Nora loved her husband of 30 years and considered herself happily married. And yet she wished the sex was more frequent and passionate. She had tried a few tricks to spice things up over the years. There was the lingerie phase and after that the sex toy phase. She even tried to develop a taste for porn so she and her husband could watch it together. For awhile, things would improve and she was sure she had found the solution. But a few weeks or months later, things would be back to the same boring routine. What could she do to rebirth the romance in her marriage?

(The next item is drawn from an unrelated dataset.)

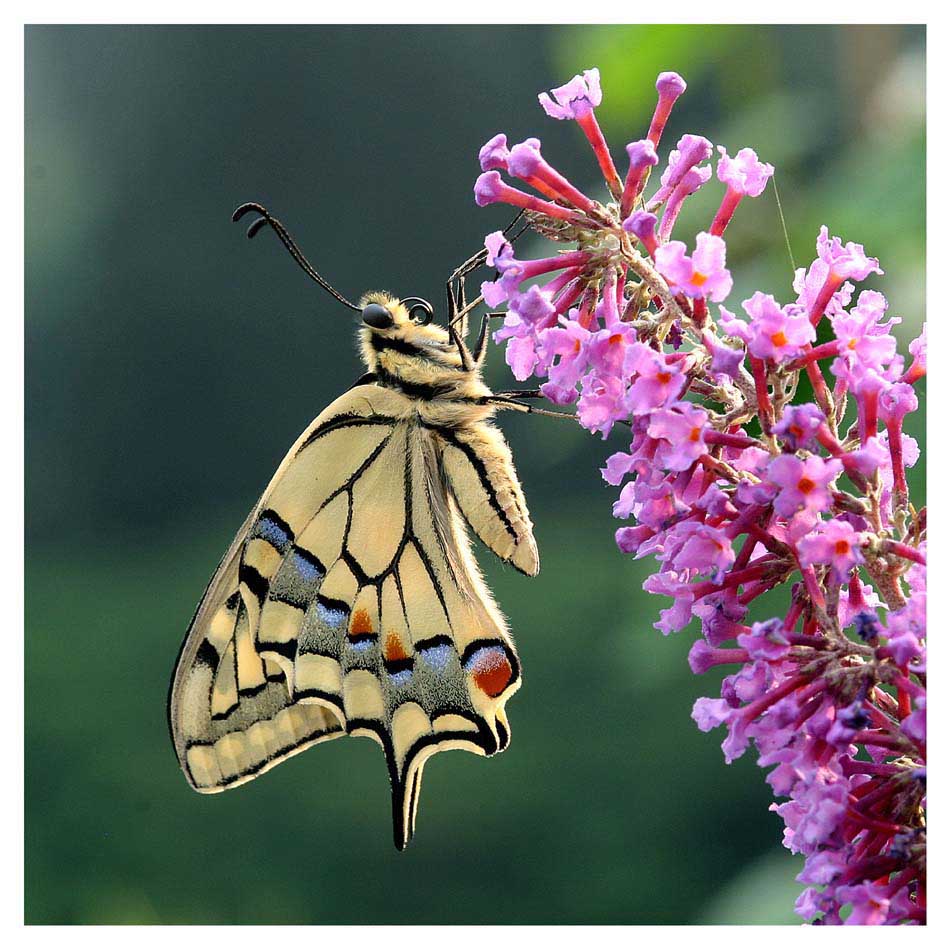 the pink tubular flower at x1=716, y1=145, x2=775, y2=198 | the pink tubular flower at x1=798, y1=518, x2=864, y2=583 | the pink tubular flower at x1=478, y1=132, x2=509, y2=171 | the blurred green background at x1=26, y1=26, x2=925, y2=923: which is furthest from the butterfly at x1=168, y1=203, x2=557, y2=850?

Beverly was on her second marriage. After fifteen years, she was watching this relationship devolve into the same frustrating patterns she saw in her first marriage. Her husband no longer seemed all that interested in what she had to say. He had a habit of watching a lot of television every night after work and he would often have two or three drinks as well, falling asleep in front of the TV without once asking her about her day. Beverly was feeling very lonely even though her husband was home every night and they still slept in the same bed. He still wanted to have sex about once a week but it seemed he had forgotten what foreplay is. After five or ten minutes of kissing and fondling, he would try to stick "it" in her. Intercourse never lasted more than five minutes and he fell asleep right afterwards. She hadn't had an orgasm in so long she couldn't remember what it felt like. But more than anything, she wanted to talk, to connect, to feel something besides lonely. When were they going to talk about anything? How could Beverly hope to get out of this soul killing routine?

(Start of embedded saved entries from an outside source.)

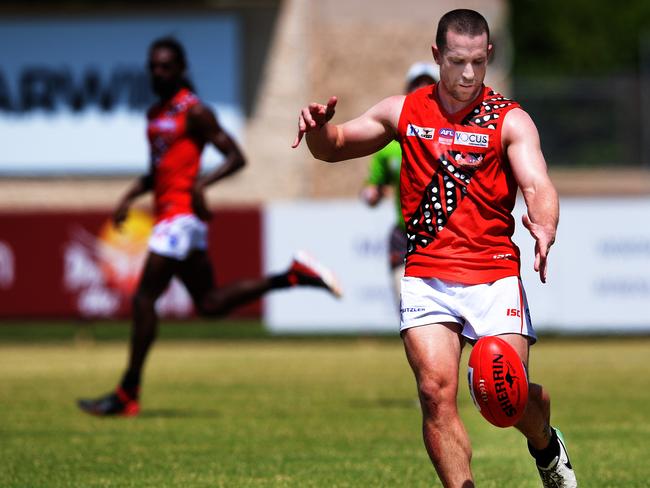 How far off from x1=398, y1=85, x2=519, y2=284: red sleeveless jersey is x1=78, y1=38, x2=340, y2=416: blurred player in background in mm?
A: 4386

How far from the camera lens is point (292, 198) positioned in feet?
83.1

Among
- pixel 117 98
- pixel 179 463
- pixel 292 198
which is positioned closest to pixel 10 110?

Jim and Samantha had never married but they had shared a home for over ten years. When they first met, they never ran out of things to talk about. Just the sound of each other's voices would often light a romantic fire it seemed could never die. And now, after only a decade together, they didn't have much to say to each other. They were spending more and more time hanging out with their respective friends and coming home later and later. When in bed together, they would text friends and ignore each other. This was not how they envisioned sharing their lives but it seemed they were too busy to share much besides the household chores and the bills. It was beginning to feel like they were just roommates. What happened to that fire that could never die?

Do you relate to any of these stories? My clients bring me heartbreaking stories like these every week. They are usually at their wits end, depressed, confused, angry and sad. They still love their partner and want to find a way to make it work but so far nothing they have tried has worked. Wisely, they decide to ask a professional for a fresh perspective instead of simply enduring the unacceptable or terminating the relationship.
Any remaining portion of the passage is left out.